- What you have to do -
Omitting every picture, output the records below exactly, please.

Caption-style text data
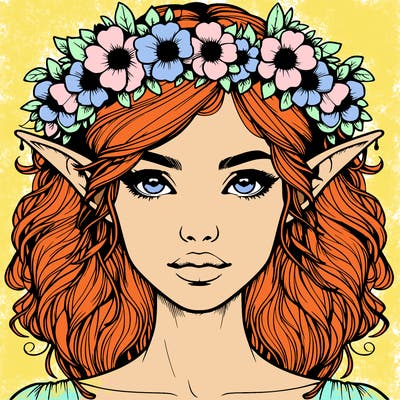 realistic female elf with flower crown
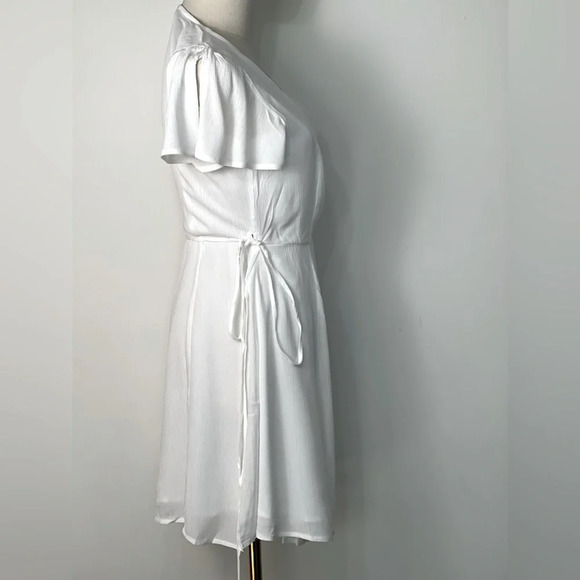 Lulu’s Harbor Point White Sheer Chiffon Wrap Dress Size Small and Medium - Picture 9 of 13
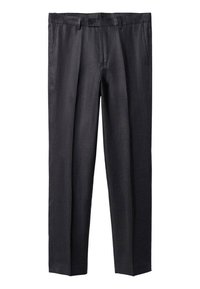 Black formal trousers with a button and zipper closure, side pockets, belt loops, and a straight-leg fit.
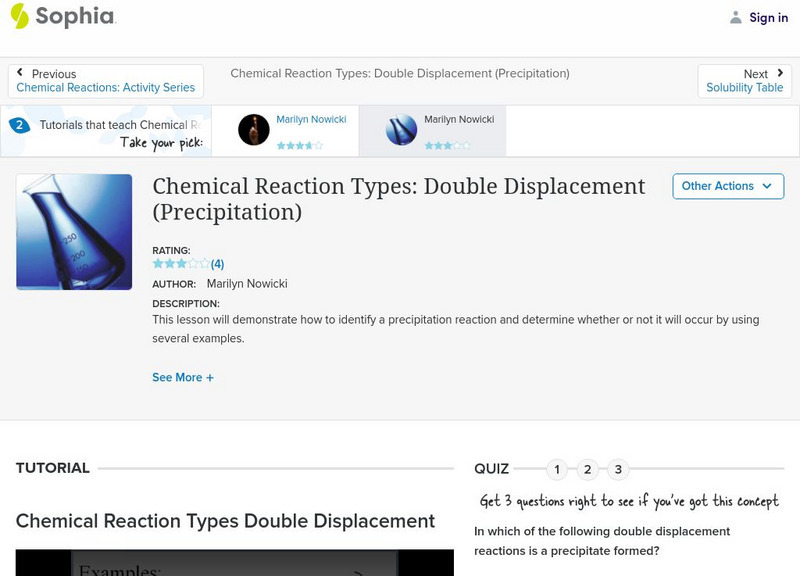Sophia: Chemical Reaction Types: Double Displacement (Precipitation): Lesson 1 Instructional Video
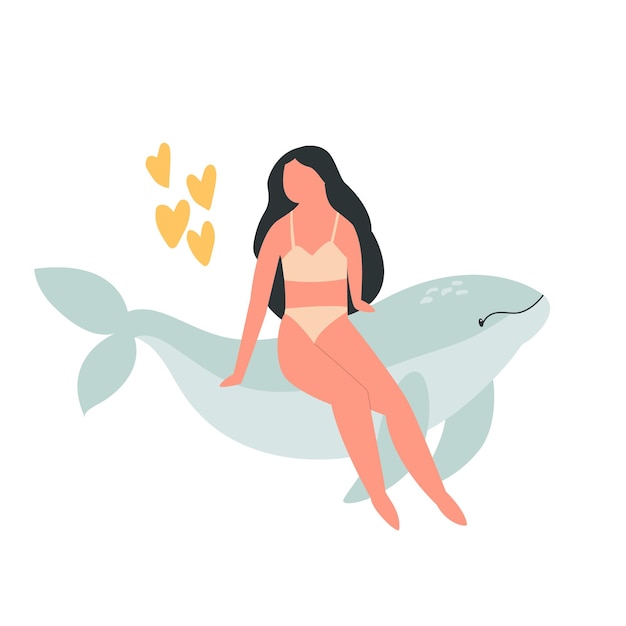 Jeune jolie fille assise sur une baleine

- Response -
 realistic female elf with flower crown
 Lulu’s Harbor Point White Sheer Chiffon Wrap Dress Size Small and Medium - Picture 9 of 13
 Black formal trousers with a button and zipper closure, side pockets, belt loops, and a straight-leg fit.
Sophia: Chemical Reaction Types: Double Displacement (Precipitation): Lesson 1 Instructional Video
 Jeune jolie fille assise sur une baleine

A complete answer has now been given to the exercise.